葛城市長尾に鎮座する長尾神社境内には、たくさんの絵馬が掲げられた絵馬殿があります。
長尾神社拝殿前の狛犬越しに絵馬殿を望みます。
狛犬の尻尾って、こうやって見ると平べったい形をしているんですね。
氏子の印!赤ちゃん誕生を祝って絵馬奉納
長尾神社の御祭神は水光姫命(みひかひめのみこと)と白雲別命(しらくもわけのみこと)とされます。
水光姫命は『古事記』や『日本書紀』に、体が光って尾が生じていたと記されています。大蛇の尾にたとえられる長尾神社ですが、御祭神にも尾があったようです。
長尾神社の絵馬殿。
神様に捧げる神馬に起源を有する絵馬ですが、これだけたくさんの絵馬を一度に見る機会はそう無いのではないでしょうか。何よりも絵馬のためだけに、一つの建物が建っている。そのことに興味を覚えます。
絵馬殿の中を覗きこむとこんな感じです。
毎年10月4日に御例祭が催される長尾神社。
当日の夜、初夜宮詣があります。新婚夫婦や氏子衆が集い参じ、この一年間に誕生した赤ちゃんが氏子になった印として絵馬を奉納する習わしです。
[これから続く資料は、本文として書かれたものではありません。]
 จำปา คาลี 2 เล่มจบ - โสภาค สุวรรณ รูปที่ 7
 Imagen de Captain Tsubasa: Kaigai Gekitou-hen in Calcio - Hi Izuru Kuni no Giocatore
一般に男児は武者絵、女子は尉(じょう)と姥の絵とされます。
尉(じょう)とは一体何を意味しているのでしょうか?古語辞典を紐解いてみると、能楽で用いられる老翁の面と解説されていました。絵馬のデザインを見れば、男の子が誕生したのか女の子が誕生したのかが分かるようです。
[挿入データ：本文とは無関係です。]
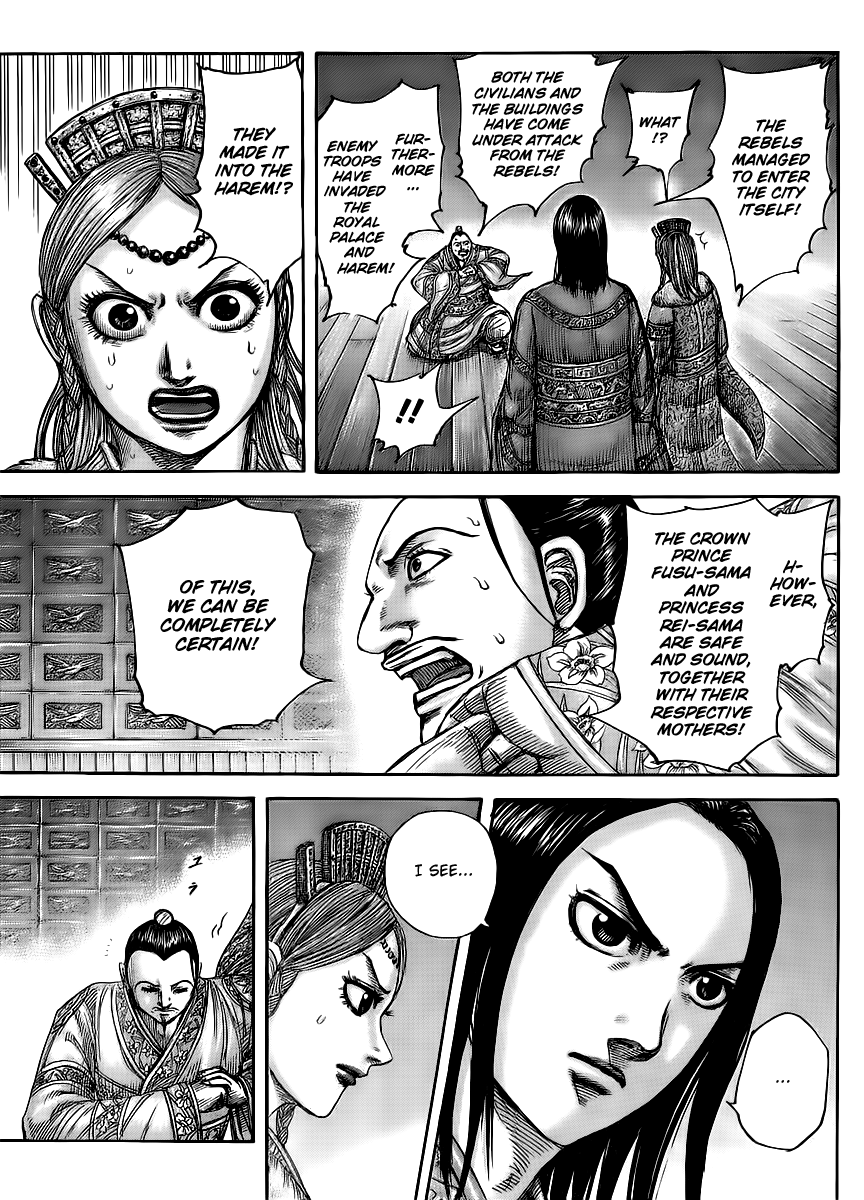 Chapter 434 — Chapter 434 — Page 7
境内を入ったすぐ右手に初宮詣の絵馬が掲げられていました。
「すこやかに育ちますように」 挿絵の題材は猫でしょうか?
歴史国道 竹内街道周辺案内図。
真っ直ぐ進行方向に竹内街道が伸びています。左手に進めば、長尾神社の鳥居が見えて参ります。
拝殿の向かって右手に絵馬殿があります。
大神神社の手水舎では、酒樽の上で蛇がとぐろを巻いていますが、かつて三輪山の周りを大蛇が幾重にも巻いて、その尾の部分が長尾神社にまで達していたと伝えられます。
頭が大神神社で尾が長尾神社。
そんな伝承が残る長尾神社には、数多くの絵馬が奉納された絵馬殿がひっそりと佇みます。